# WHAT THE TASK ASKS:
Return nothing but the lines from the one with "Salad Spinner Green OXO" through the one with "HMS Prince of" in the data below, word for word and without pictures.

# GIVEN DATA:
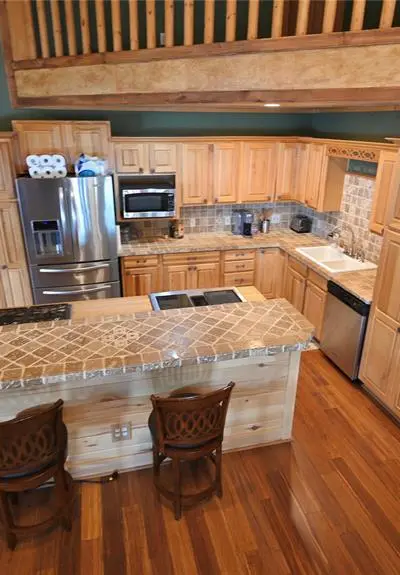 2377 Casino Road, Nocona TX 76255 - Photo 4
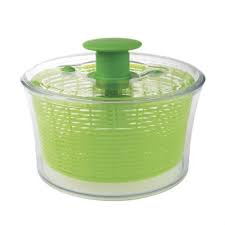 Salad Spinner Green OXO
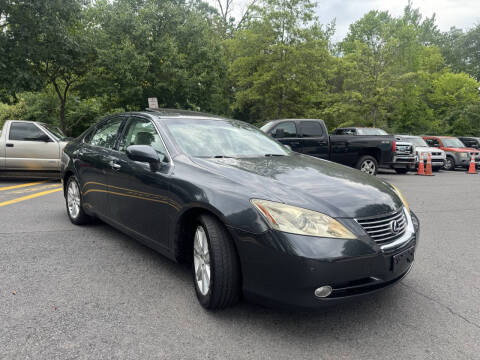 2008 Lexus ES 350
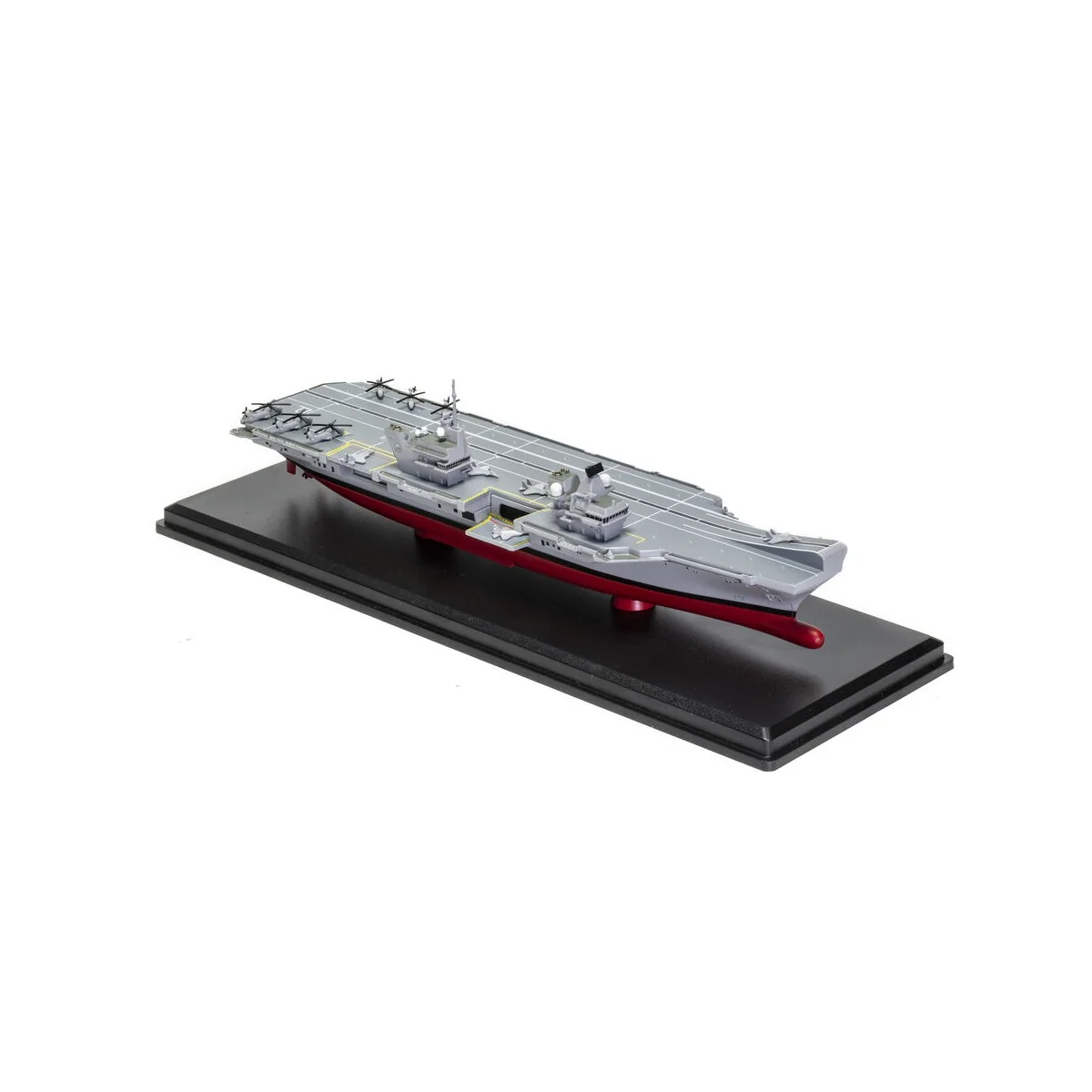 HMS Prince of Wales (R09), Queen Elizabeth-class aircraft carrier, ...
...
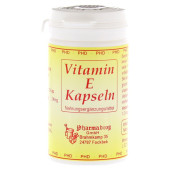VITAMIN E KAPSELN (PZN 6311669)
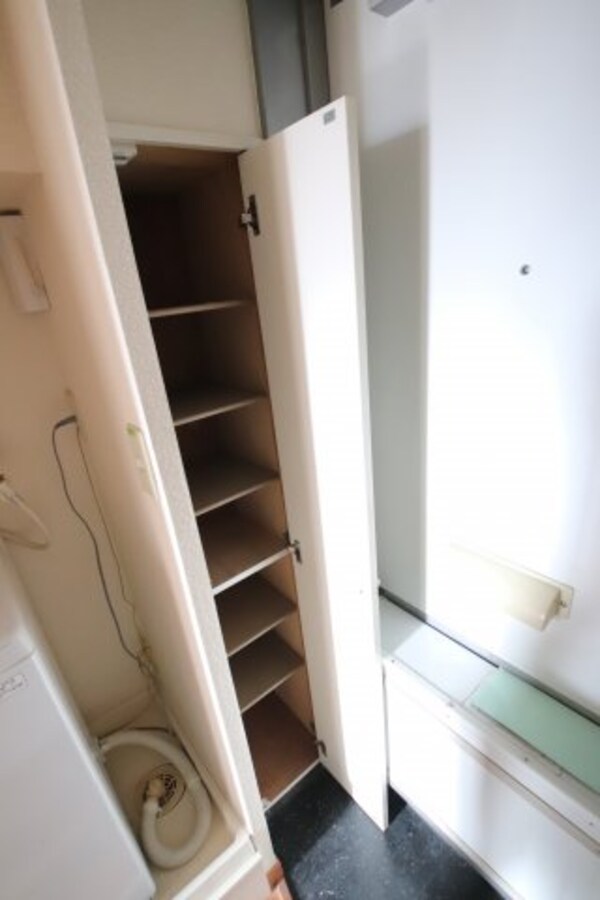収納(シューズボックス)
--
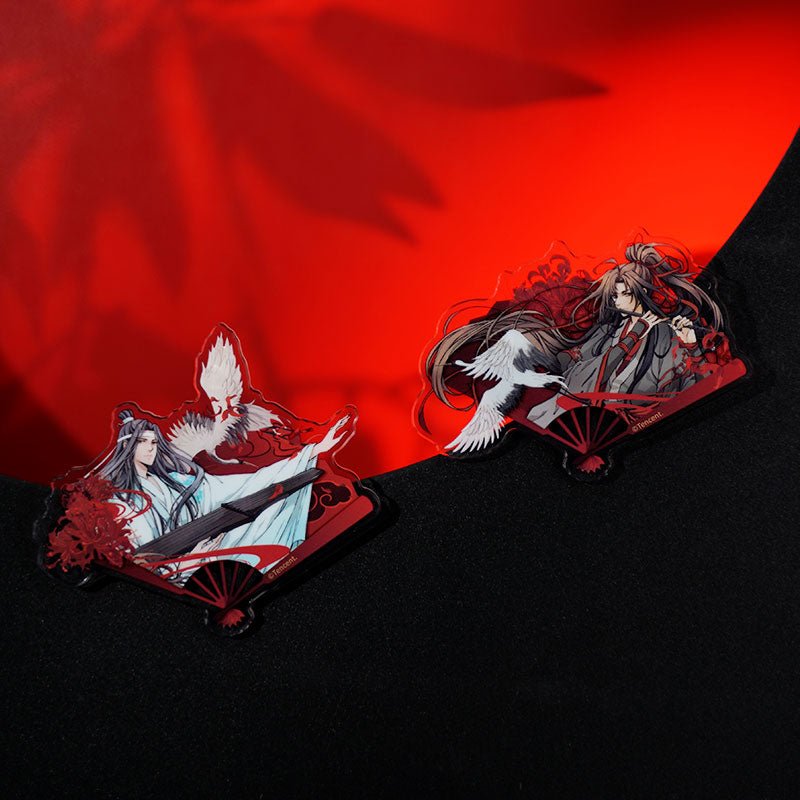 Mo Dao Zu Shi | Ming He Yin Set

# SOLUTION TO THE PROBLEM:
 Salad Spinner Green OXO
 2008 Lexus ES 350
 HMS Prince of Wales (R09), Queen Elizabeth-class aircraft carrier, ...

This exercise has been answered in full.